Help me with this Dervivative

[dumbasiankid]

ok i have to find the P of Inflection, the
eq:
(x^3+2x^2) / 2(x^2-4x-12)(x-3)
I found a hole at x=-2 so i got (x^2) / 2(x-3)(x-6)
when i took the der of that i got
F'(x)=(-9x^2-36x) / 2[(x-3)(x-6)]^2
The 2nd F''(x)=2(18x-36)-(9x^2-36x)2[(x-3)(x-6)] / [(x-3)(x-6)]^2

ok one of the hint is x^3-6x^2+36 is either F'(x) or F"(x) and find the zero of x^3-6x^2+36 so i am guessing this is the whole der or just the top of f' or f" but i cant get my answere to equal to this.

 

[arthur ohlsten]

I haven't solved the derivative, but the point of inflection is x= a negative number.
Let us plot the curve f[x]=x^2/{2[x-6][x-3}

a horizontal assymptote at y=1/2
a vertical assymptote at x=6 and x=3

starting at x=-oo y=1/2
as x increases y decreases and at x=0 y=0 double zero at x=0 so function rebounds
as x increases y increases and ix=+oo at x=3-
at x=3+ y=-oo
as x increases y increases having a local maximum and then y decreases as x increases ,and at x=6- y=-oo
at x=6+ y=+oo
as x increases y decreases and is assymptotic to y=1/2 as x-->oo

from the curve it is obvious the point of inflection is to the left of x=0

hope this helps
Arthur

 

[galactus]

Inflection points occur where f''(x)=0.

f(x)=\(\displaystyle \frac{(x^{3}+2x^{2})} { 2(x^{2}-4x-12)(x-3)}\)

f'(x)=\(\displaystyle \frac{-9x(x-4)}{2(x-6)^{2}(x-3)^{2}}\)

f''(x)=\(\displaystyle \frac{9(x^{3}-6x{2}+36)}{(x-6)^{3}(x-3)^{3}}=\frac{12}{(x-6)^{3}}-\frac{3}{(x-3)^{3}}\)

\(\displaystyle \frac{12}{(x-6)^{3}}=\frac{3}{(x-3)^{3}}\)


\(\displaystyle 4(x-3)^{3}=(x-6)^{3}\)


\(\displaystyle 3x^{3}-18x^{2}+108=0\)


\(\displaystyle x=-2.01724315176\)

 

[Unco]

Inflection points occur where f''(x)=0.

They do indeed.
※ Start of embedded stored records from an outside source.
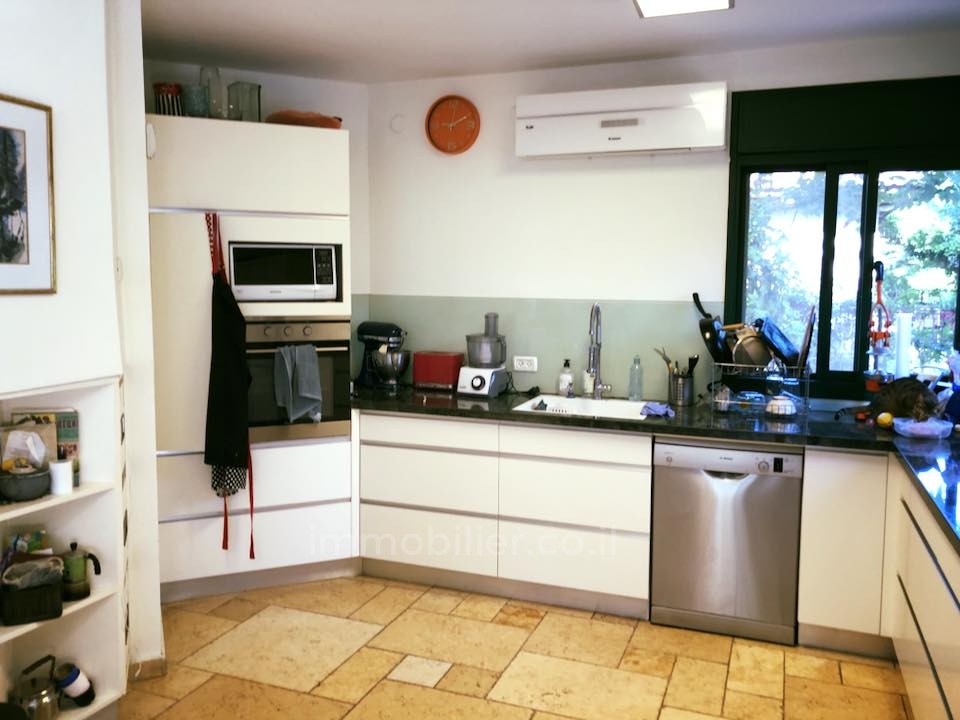 Casarão 7 cômodos Benyamina Benyamina 481-IBL-8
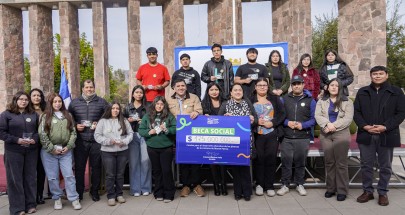 entrega-de-becas-educacion-superior-1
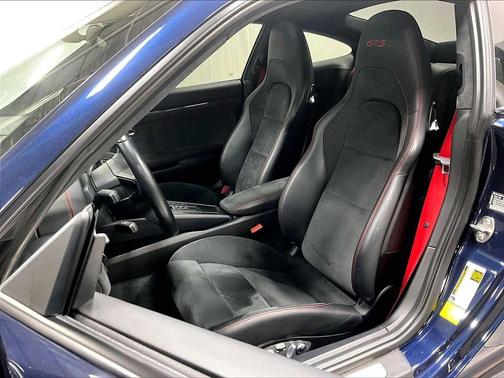 2017 Porsche 911 Carrera 4 GTS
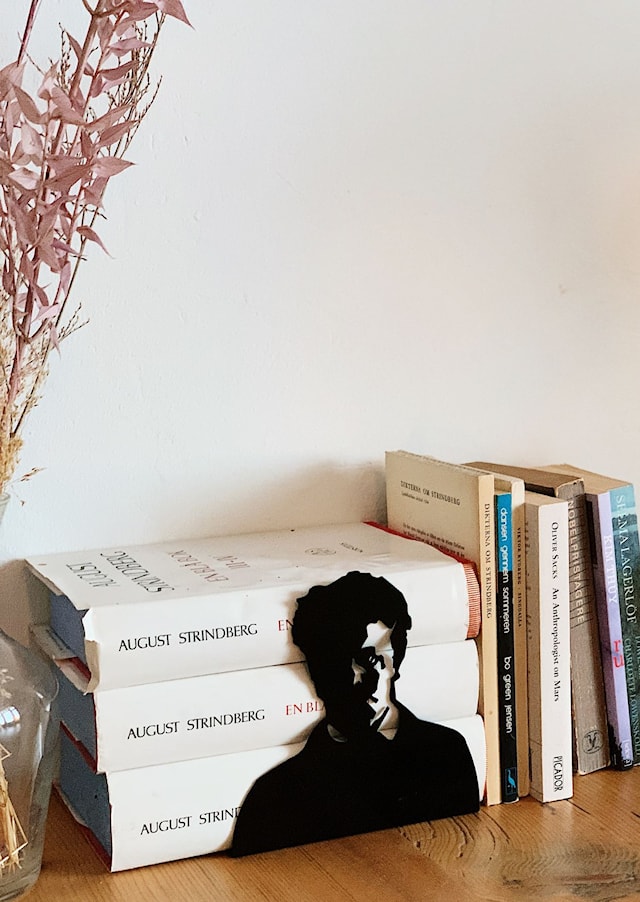 Produktbilde 2 for Bokstøtte August Strindberg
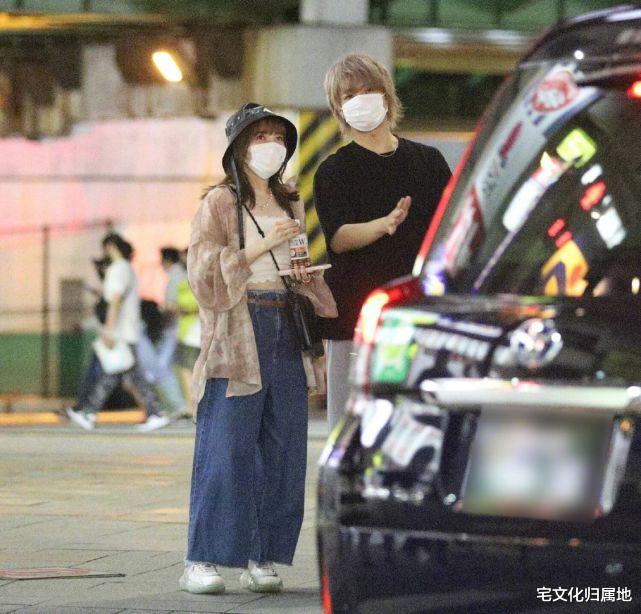 |鬼头明里和“棍之勇者”被文春爆料两人疑似已经半同居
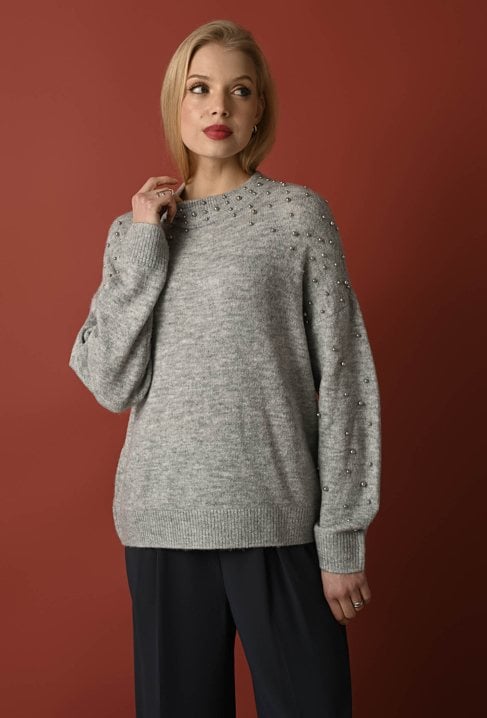 Błękitny sweter z metaliczną nicią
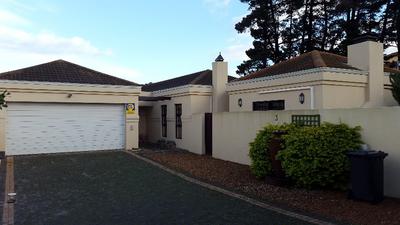 Townhouse For Sale in Van Riebeeckshof, Bellville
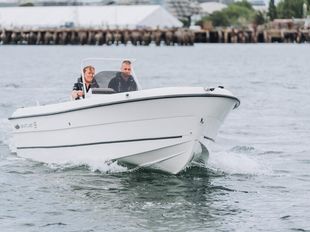 Smartliner Centre Console 19 REDUCED TO CLEAR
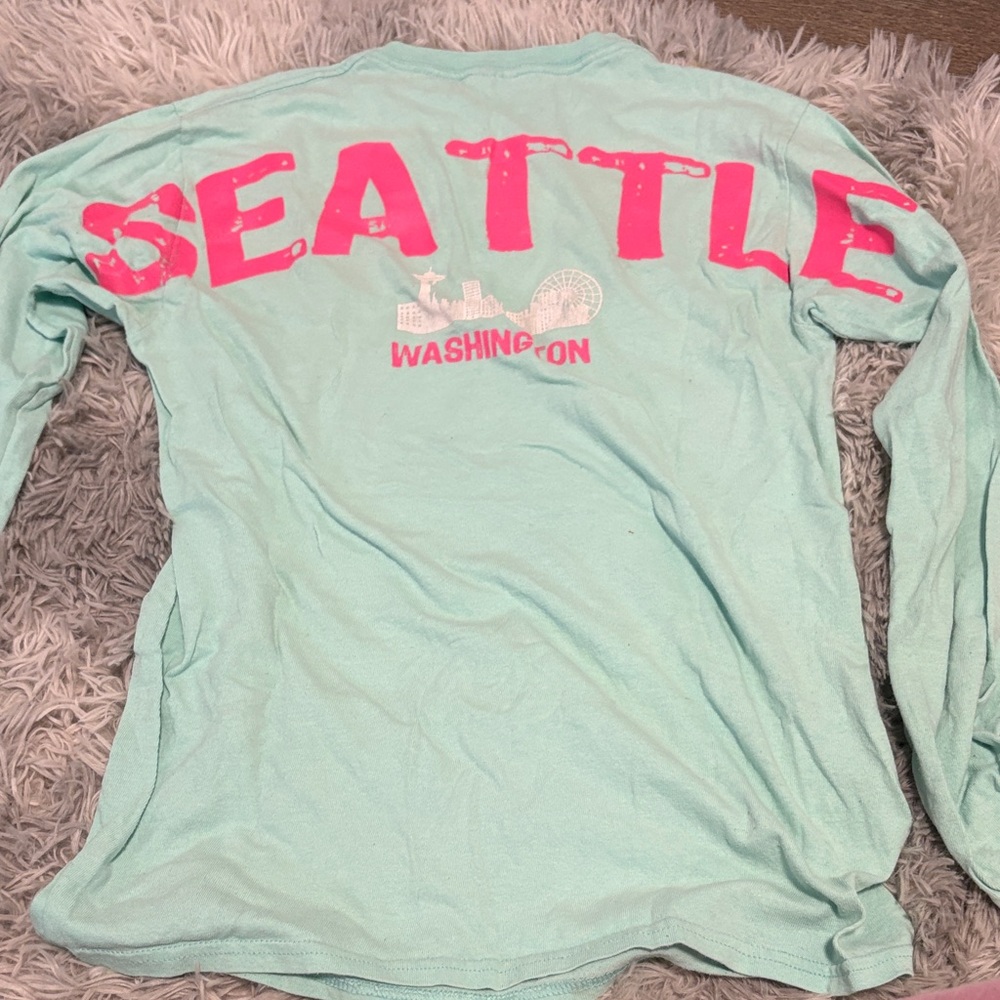 Seattle Long Sleeve Tee in Mint with Pink Print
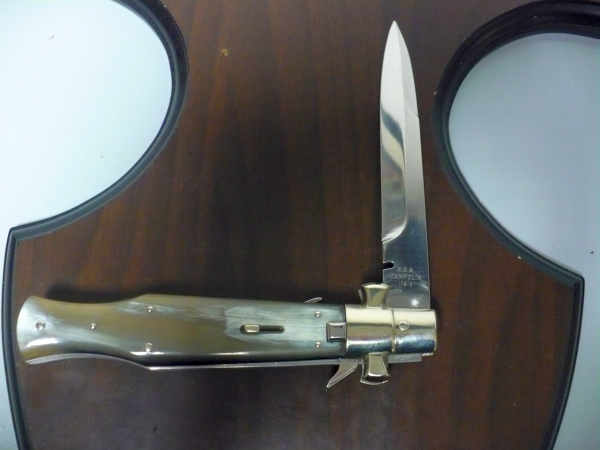 Black Widow  A.G.A. Campolin - italian stiletto 28 cm con guardia a croce maltese - bufalo chiaro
However, f''(x) = 0 must be backed up by a change in sign of f'(x) for there to be an inflexion point.

<-- General statement -->

 

[galactus]

Right you are, Unco. I should've elaborated.

 

[dumbasiankid]

The horizontal assymtope when i solve it out

x-> oo , y-> 1/2
x-> -oo , y-> -1/2

how did you get x approach x-> -oo , y-> 1/2??

 

[Gene]

Go back to the original equation and divide top & bottom by x^3 to get
(1+2/x)/(2*(1-4/x-12/x^2)(1-3/x)
When x->oo anything divided by it ->0 so you have
(1)/(2*1)=1/2